I’m curious as to WHY his attitude changed so dramatically at the end of last summer. I’m not sure how to change any of this, if I can at all. It’s upsetting because we were close last year, and we bonded. Please help.

Reply July 15, 2014, 9:31 am

Jeanette

Hi, I’ve been dating a man for 4 months. Every time we are together it’s a nice time. A lot of chemistry. I’ve met his kids, he’s met mine. Recently we had a family day. All the kids (4) and the two of us. It was super fun in my opinion and everything I had wanted. Now he is acting strange. He Went an entire day without texting me and now seems to have pulled away. What should I do? I figure I should back off. But is he freaked out?

Reply July 2, 2014, 4:24 pm

Jenny

Hi Eric, I felt in love with a man boy.

He is 30, aisan, comes from a good family and knows good manners. He works a high tech job. We started dating 3.5 months ago. We have similar family education and cultural backgrounds, personalities and wits. On top of that, we both are crazily attracted to each other’s looks and bodies. So we felt the “pull” right from the start.

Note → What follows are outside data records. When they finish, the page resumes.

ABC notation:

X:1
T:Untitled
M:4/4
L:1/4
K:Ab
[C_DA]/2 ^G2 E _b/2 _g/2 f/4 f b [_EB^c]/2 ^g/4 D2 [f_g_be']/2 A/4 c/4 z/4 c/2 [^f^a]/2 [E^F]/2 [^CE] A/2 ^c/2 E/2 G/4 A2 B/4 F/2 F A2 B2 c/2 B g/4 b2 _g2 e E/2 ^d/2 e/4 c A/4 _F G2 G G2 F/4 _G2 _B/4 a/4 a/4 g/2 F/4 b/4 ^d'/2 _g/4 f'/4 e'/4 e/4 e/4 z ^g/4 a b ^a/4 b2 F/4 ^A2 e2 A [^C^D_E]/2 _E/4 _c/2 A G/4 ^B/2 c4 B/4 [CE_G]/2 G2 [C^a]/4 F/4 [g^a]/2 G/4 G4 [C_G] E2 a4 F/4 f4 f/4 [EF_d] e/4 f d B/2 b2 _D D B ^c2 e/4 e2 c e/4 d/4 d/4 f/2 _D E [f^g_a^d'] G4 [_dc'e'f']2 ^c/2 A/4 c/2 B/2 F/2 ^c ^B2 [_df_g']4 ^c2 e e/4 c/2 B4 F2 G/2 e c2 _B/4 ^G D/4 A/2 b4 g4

But after the honeymoon phase of about 1 month, we kept running into problems. First, he found out he had commitment phobe. He went 2weeks no contact, then showed up again confessing he was scared and confused.

I took him back. But then he started showing his true self – a man boy. He acts like a kid sometimes and he plays victim when he doesn’t get things in his way with me. Sometimes he thinks I display attitude or ego (which I do, because I am insecure too.) We both had been hurt badly before so our approach to relationship are pessmistic.

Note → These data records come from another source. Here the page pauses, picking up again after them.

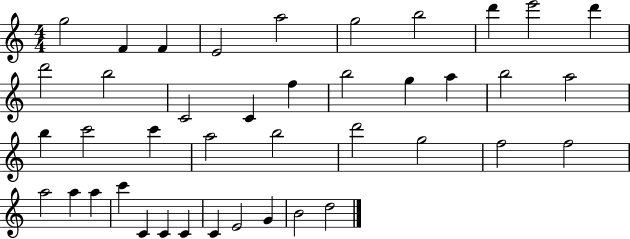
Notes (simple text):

G5/h F4/q F4/q E4/h A5/h G5/h B5/h D6/q E6/h D6/q D6/h B5/h C4/h C4/q F5/q B5/h G5/q A5/q B5/h A5/h B5/q C6/h C6/q A5/h B5/h D6/h G5/h F5/h F5/h A5/h A5/q A5/q C6/q C4/q C4/q C4/q C4/q E4/h G4/q B4/h D5/h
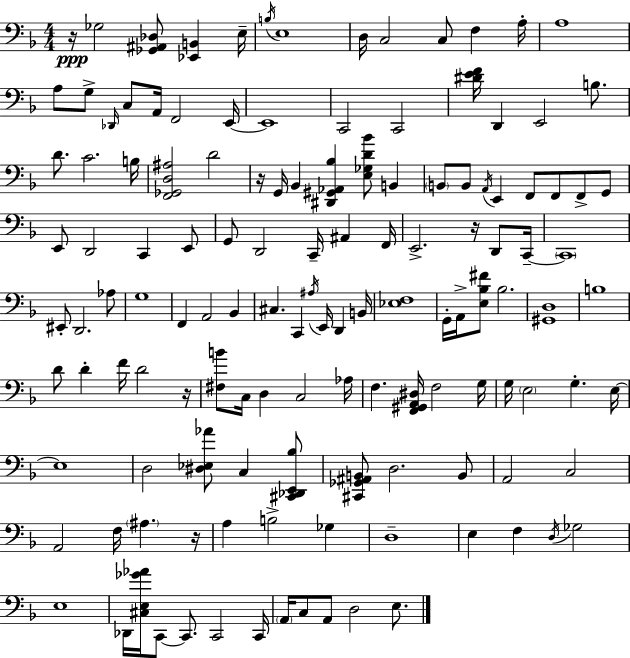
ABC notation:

X:1
T:Untitled
M:4/4
L:1/4
K:Dm
z/4 _G,2 [_G,,^A,,_D,]/2 [_E,,B,,] E,/4 B,/4 E,4 D,/4 C,2 C,/2 F, A,/4 A,4 A,/2 G,/2 _D,,/4 C,/2 A,,/4 F,,2 E,,/4 E,,4 C,,2 C,,2 [^DEF]/4 D,, E,,2 B,/2 D/2 C2 B,/4 [F,,_G,,D,^A,]2 D2 z/4 G,,/4 _B,, [^D,,^G,,_A,,_B,] [E,_G,D_B]/2 B,, B,,/2 B,,/2 A,,/4 E,, F,,/2 F,,/2 F,,/2 G,,/2 E,,/2 D,,2 C,, E,,/2 G,,/2 D,,2 C,,/4 ^A,, F,,/4 E,,2 z/4 D,,/2 C,,/4 C,,4 ^E,,/2 D,,2 _A,/2 G,4 F,, A,,2 _B,, ^C, C,, ^A,/4 E,,/4 D,, B,,/4 [_E,F,]4 G,,/4 A,,/4 [E,_B,^F]/2 _B,2 [^G,,D,]4 B,4 D/2 D F/4 D2 z/4 [^F,B]/2 C,/4 D, C,2 _A,/4 F, [F,,^G,,A,,^D,]/4 F,2 G,/4 G,/4 E,2 G, E,/4 E,4 D,2 [^D,_E,_A]/2 C, [^C,,_D,,E,,_B,]/2 [^C,,_G,,^A,,B,,]/2 D,2 B,,/2 A,,2 C,2 A,,2 F,/4 ^A, z/4 A, B,2 _G, D,4 E, F, D,/4 _G,2 E,4 _D,,/4 [^C,E,_G_A]/4 C,,/2 C,,/2 C,,2 C,,/4 A,,/4 C,/2 A,,/2 D,2 E,/2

He opens up his feelings several times when we talk. I find out he is super insecure. To cover his insecurity he becomes mean. He is always friendly and kind to others, but he kind of shows a different side to me. Being a very low profile person, I think he is for the first time letting someone like me who he knew for quite a short time enter into his world, becoz he thinks I see him through. But it seems he needs my reassurance quite often. So we often repeat this circle: He wants sth, I display attitude becoz I am insecure. He freaks out becoz he takes my attitude personal. Then we communicate and open up to each other and reassure each other.

I learnt from your dating advice that I need to be calm and not too emtional when it comes to men. So each time he got freaked out my attitude calmed him down. Then over time, I find that he is unconsciously copying my way of speaking or handling things. If I am calm, he is calm. If I am confident he is confident. If I am insecure and play games, he freaks out.

So now I feel we are very unsettled. Neither he nor I wanna break up. So we just cant leave each other. But, we don’t quite know what we want out of life and where this is heading to either. So, both of us are blowing hot and cold to the other person. I know he needs encouragement and he says he wants me to take charge. But I don’t want to and I am not good at it.. what should I do if I wanna try my best to make it work?

Sincerely thanks

Reply April 15, 2014, 3:33 am

DCL

He’s not sending mixed signals, you’re reading into what he is sending. He doesn’t want to date you. Period. Any man that wants to date doesn’t just suggest, he makes firm plans, and follows through. There’s nothing here but games. Move on.

Reply May 21, 2013, 1:03 pm

bootyboot

That guy just sounds like a nerd with no social skills. It’s so easy to drop someone online, he was just being a pansy about it. He should have just been honest. She gave him an out, and he was being a tool about it.

Reply March 1, 2012, 1:33 am

Bre

So me and this guy met about a month ago and started dating. And in two weeks we were obsessed with each other and were perfect, but then he told me that we
moved to fast and that i shouldnt be so clingy, so i backed off and he went back to his ex for like four days. And now hes wanting to hangout again and stuff but yet doesnt know
What he wants and says hes having mixed feelings. I like him alot alot alot. And i want him to find me irrisistible and to want me as his girlfriend what do i do!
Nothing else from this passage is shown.